Implement Strong Lucas test and Baillie-PSW (#323)

The [Baillie-PSW] is the star of the show: it's fully deterministic for
all 64-bit integers, and there are no known counterexamples of any size.
In order to reach it, we need to combine the existing Miller-Rabin test
with a [Strong Lucas] test, the latter of which is the "hard work" part
of this PR.

The first step is to find the right value of the "D" parameter to use:
the first from the sequence {5, -7, 9, -11, ...} whose Jacobi symbol
(see parent PR) is -1.  We represent this as an `uint64_t`-and-`bool`
struct, rather than a simple `int`, for two reasons.  First, it's easier
to write this incrementing/alternating pattern with a separate sign.
Second, when we use `D.mag` in calculations, it's convenient if it's
already a `uint64_t` like almost all of the rest of our types.

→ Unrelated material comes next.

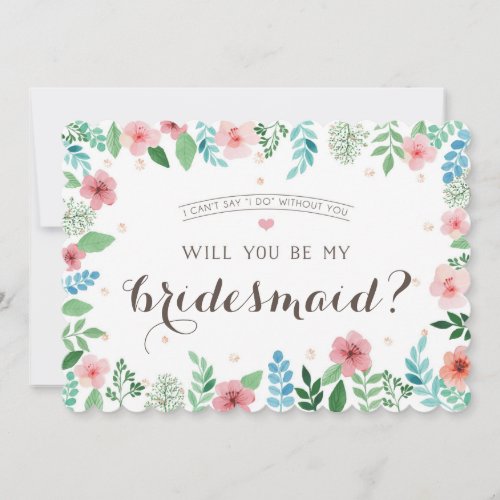 Will you be my bridesmaid I cant say I do Invitation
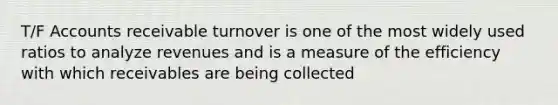 T/F Accounts receivable turnover is one of the most widely used ratios to analyze revenues and is a measure of the efficiency with which receivables are being collected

Oh --- and, this step won't work if `n` is a perfect square, so we add a
separate guarding step to filter this situation out.

Now for the meat of the calculation.  We need to compute elements of the
Lucas Sequences, $U_k$ and $V_k$ for certain specific indices.  To do
that efficiently, we use the fact that $U_1 = V_1 = 1$, and apply the
index-doubling and index-incrementing relations:

![Equations for U and
V](https://github.com/user-attachments/assets/8cfc1ec9-067e-4c8b-b855-9d86194f4296)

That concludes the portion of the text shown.